→ **SOURCE DATA**
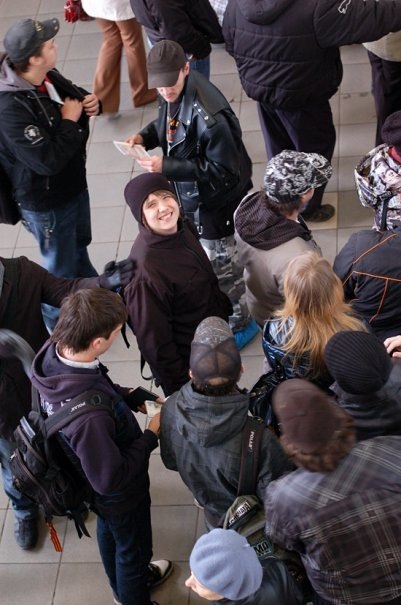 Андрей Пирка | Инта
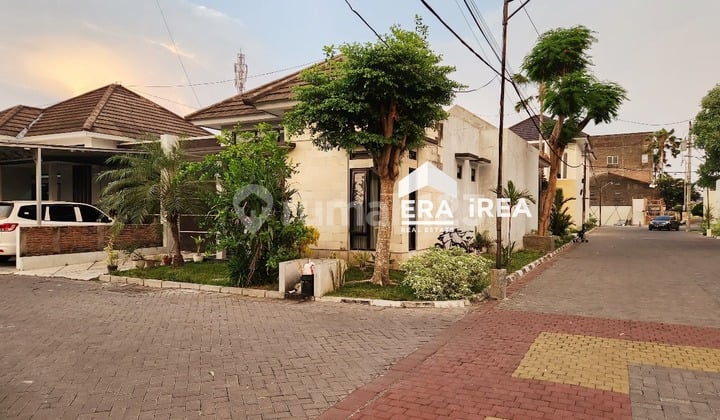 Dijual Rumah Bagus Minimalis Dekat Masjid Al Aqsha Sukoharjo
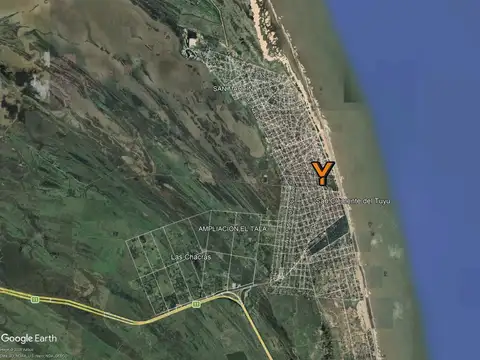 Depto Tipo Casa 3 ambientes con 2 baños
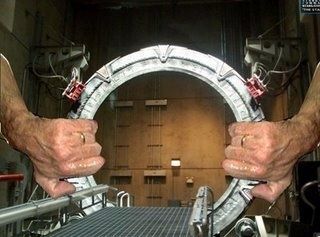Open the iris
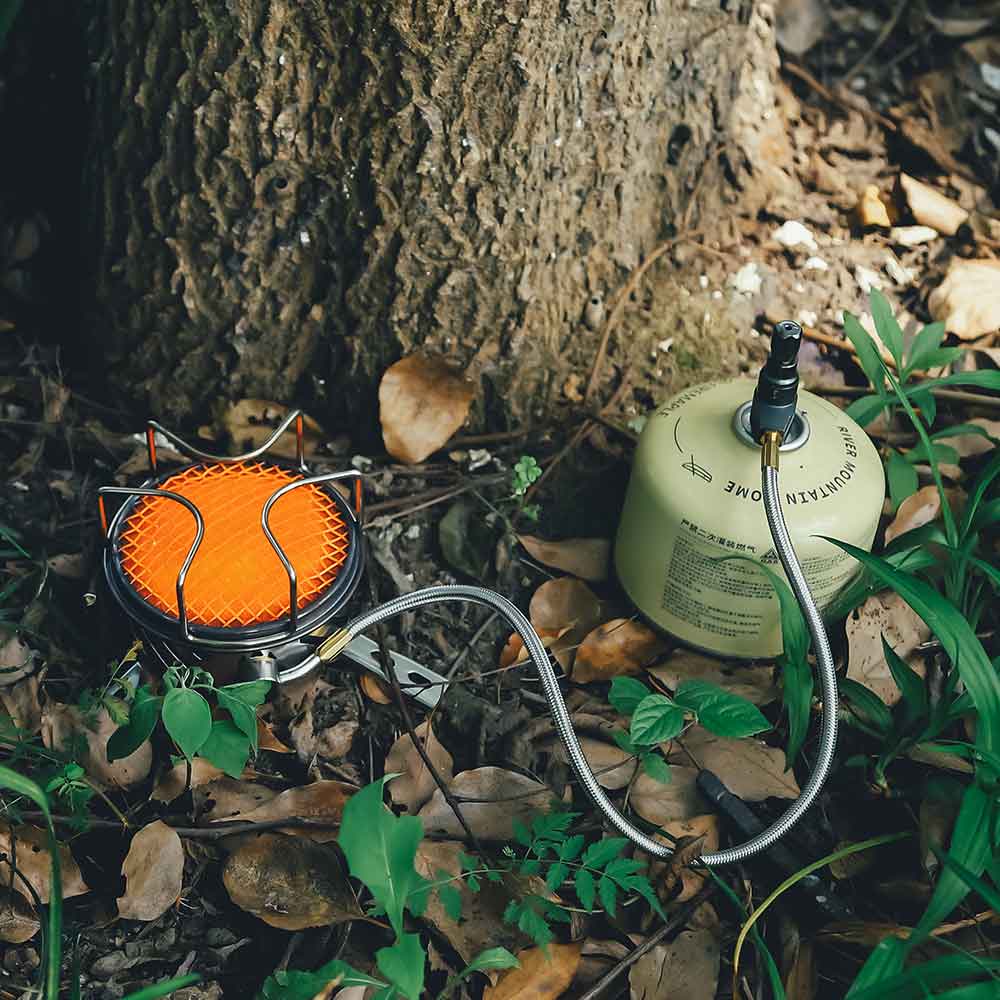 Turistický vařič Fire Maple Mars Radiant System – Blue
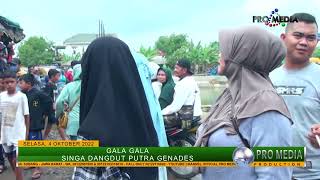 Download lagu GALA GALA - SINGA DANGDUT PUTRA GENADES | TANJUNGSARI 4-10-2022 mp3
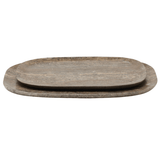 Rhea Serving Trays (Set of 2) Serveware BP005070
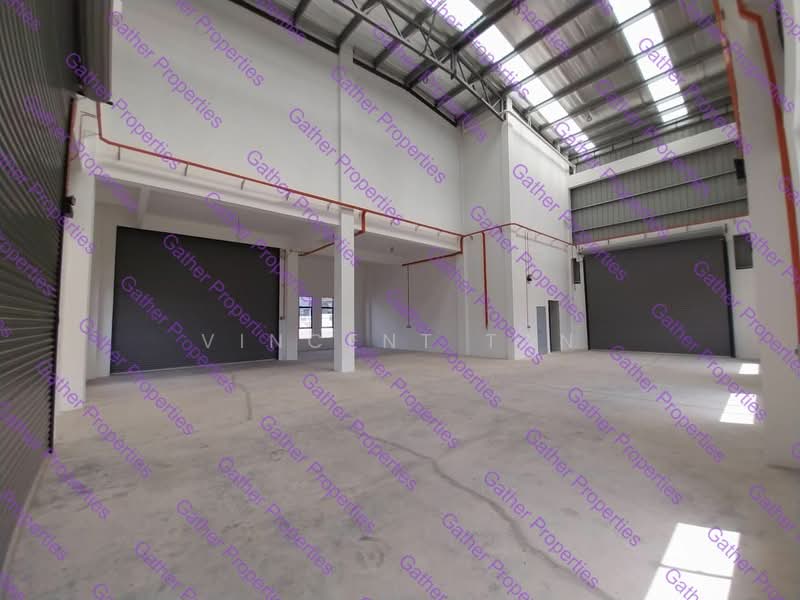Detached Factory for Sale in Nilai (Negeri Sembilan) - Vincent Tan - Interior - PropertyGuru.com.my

→ **EXERCISE**
Without the pictures, retype each line of the records above exactly.

→ **SOLUTION BELOW**
 Андрей Пирка | Инта
 Dijual Rumah Bagus Minimalis Dekat Masjid Al Aqsha Sukoharjo
 Depto Tipo Casa 3 ambientes con 2 baños
Open the iris
 Turistický vařič Fire Maple Mars Radiant System – Blue
 Download lagu GALA GALA - SINGA DANGDUT PUTRA GENADES | TANJUNGSARI 4-10-2022 mp3
 Rhea Serving Trays (Set of 2) Serveware BP005070
Detached Factory for Sale in Nilai (Negeri Sembilan) - Vincent Tan - Interior - PropertyGuru.com.my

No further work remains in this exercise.